In the days since the accident, the page reports, Walsh's condition has progressed from serious but stable – the collision left her with shattered ribs, a punctured spleen, a broken left fibula, and most seriously, skull fractures – to one of "great strides," as the most recent journal entry on her CaringBridge page states. Her injuries are not life-threatening.

"She is definitely improving, but she has a long way to go," the journal, updated by her brother Ben Walsh shortly after midnight on Wednesday, reads, citing a decrease in brain swelling and improved cognitive function but also shallow breathing and a perhaps damaged diaphragm.

Little is known, meanwhile, about Tuesday night's incident involving two Hopkins students, other than what was provided in Campus Safety and Security's Daily Incident Report on Wednesday.

"A southbound vehicle driven by a non-affiliated motorist making a right turn from St. Paul St. onto 33rd St. struck two sophomores walking southbound in the crosswalk just west of St. Paul St.," it reads. "Baltimore Police, campus officers, off-duty Baltimore Police officers working for JHU and an ambulance responded. The students reported leg and hip soreness but they declined to be taken to the hospital."

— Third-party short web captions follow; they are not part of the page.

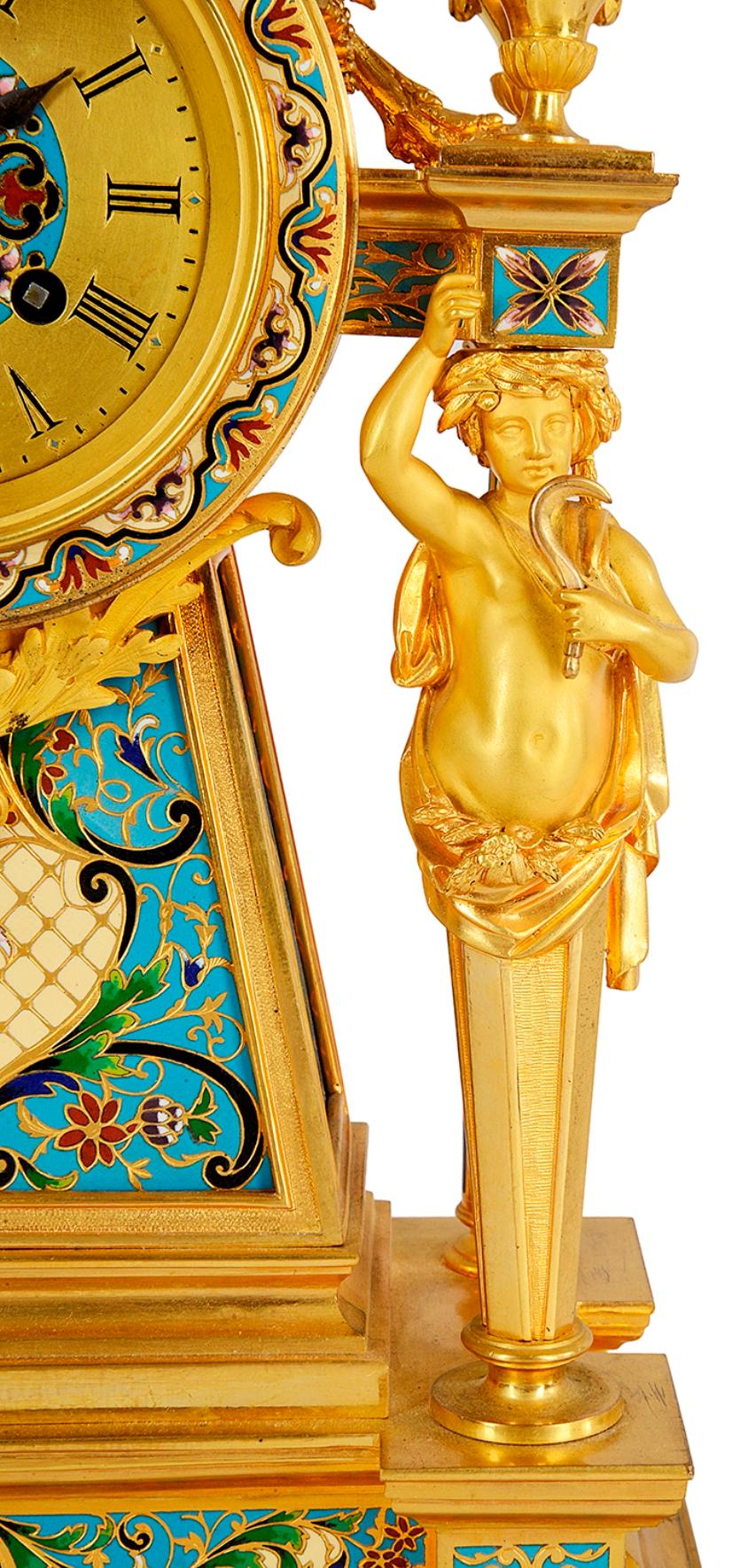 Louis XVI French 19th Century Mantle Clock For Sale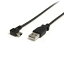 StarTech.com [USB2HABM3RA] 91cm ߥUSBѴ֥ miniUSBL֥ USB Aü  - USB mini-Bü 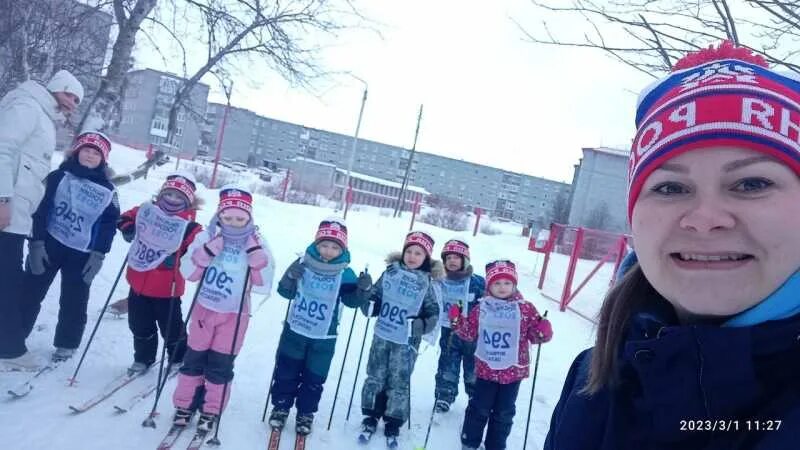 шапки лыжня 2024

The Walsh incident, meanwhile, failed to appear in any campus security bulletin, which Executive Director Edmund G. Skrodzki dismissed as an "unfortunate clerical error" and not a consequence of Walsh's lack of affiliation to Hopkins.

"It should have been in the Daily Incident Report similar to the one we reported yesterday. It doesn't matter if [the victim] is an affiliate or a non-affiliate," Skrodzki wrote in an e-mail to The News-Letter.

He could not comment further, since neither incident falls into the jurisdiction of Campus Safety and Security.

City authorities, however, are working to make sense of the collisions that wounded three college undergraduate students a block from Homewood over the course of six days.

"All of our information is still preliminary," Baltimore Police Department Detective Jeremy Silbert said. "It might be another few weeks we complete our investigations, and we will wait until it's complete before we make any decisions."

By "decisions," Silbert refers to the deliberations between law enforcement agencies and the State's Attorney office, which will resolve both who to blame and how to penalize.